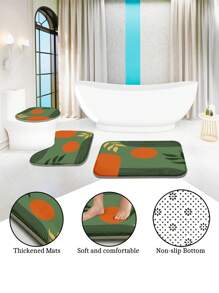 1pc/4pcs Bohemian Medieval Leaf & Sun Design Bathroom Waterproof Shower Curtain Set 12 Hooks, Bathroom Anti-Slip Mat, U-Shape Mat & Round Toilet Seat Cover, Full Bathroom Set For Multi-Scenarios Back To School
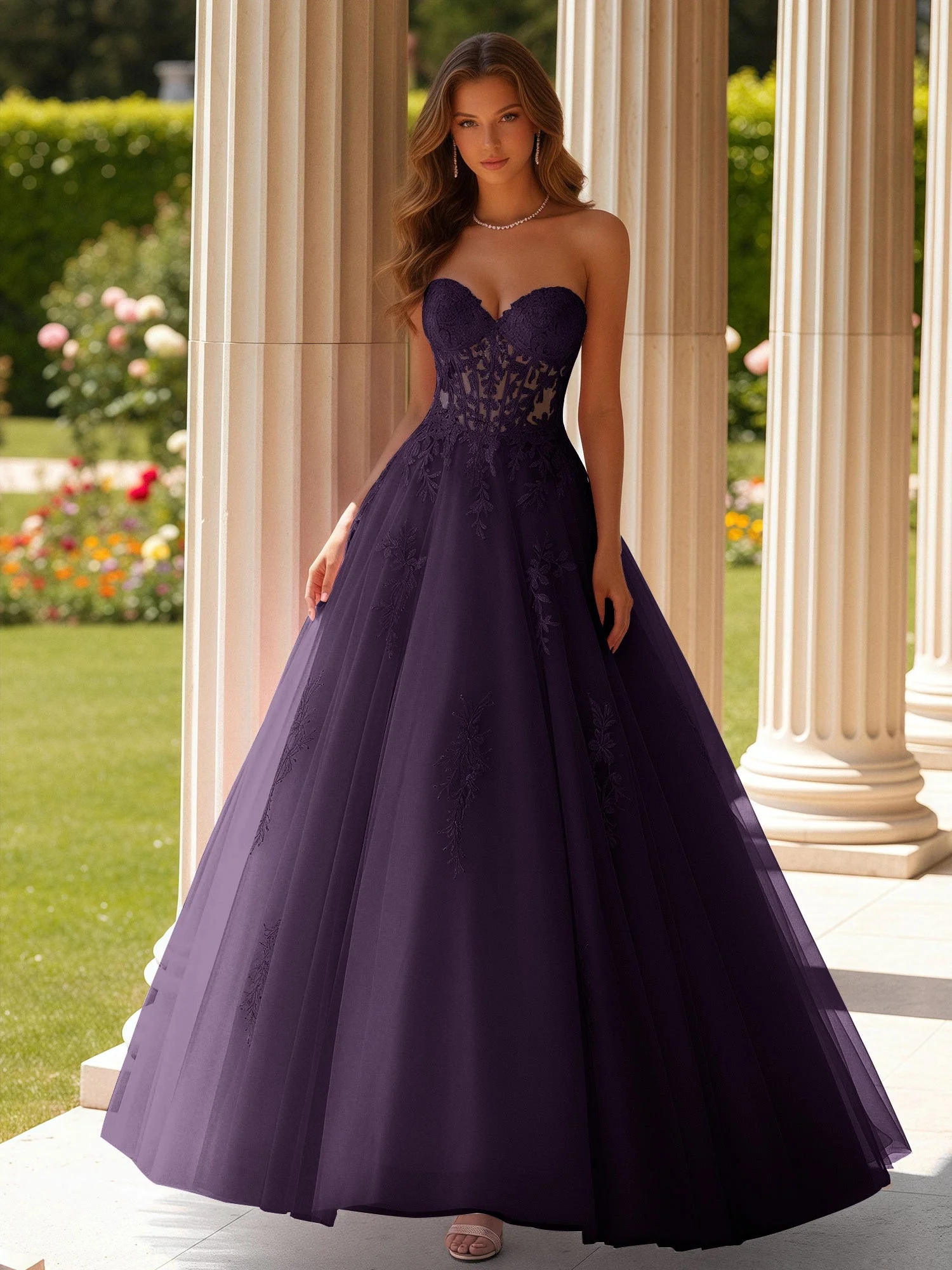 Spitze Herzform Schier Korsett Applique Tüll Kleid Plum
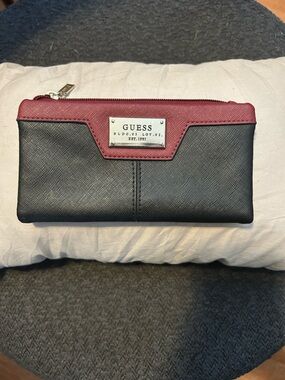 GUESS Black and Burgundy Zip-Around Logo Wallet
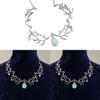 Forest Spirit Tree Branch Necklace With Moonstone And Silver Leaf Pendant For Women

Task description =>
Give again, word for word, every line from the top of the data above to the line holding "GUESS Black and", inclusive, with the pictures left out.

Solution below =>
 1pc/4pcs Bohemian Medieval Leaf & Sun Design Bathroom Waterproof Shower Curtain Set 12 Hooks, Bathroom Anti-Slip Mat, U-Shape Mat & Round Toilet Seat Cover, Full Bathroom Set For Multi-Scenarios Back To School
 Spitze Herzform Schier Korsett Applique Tüll Kleid Plum
 GUESS Black and Burgundy Zip-Around Logo Wallet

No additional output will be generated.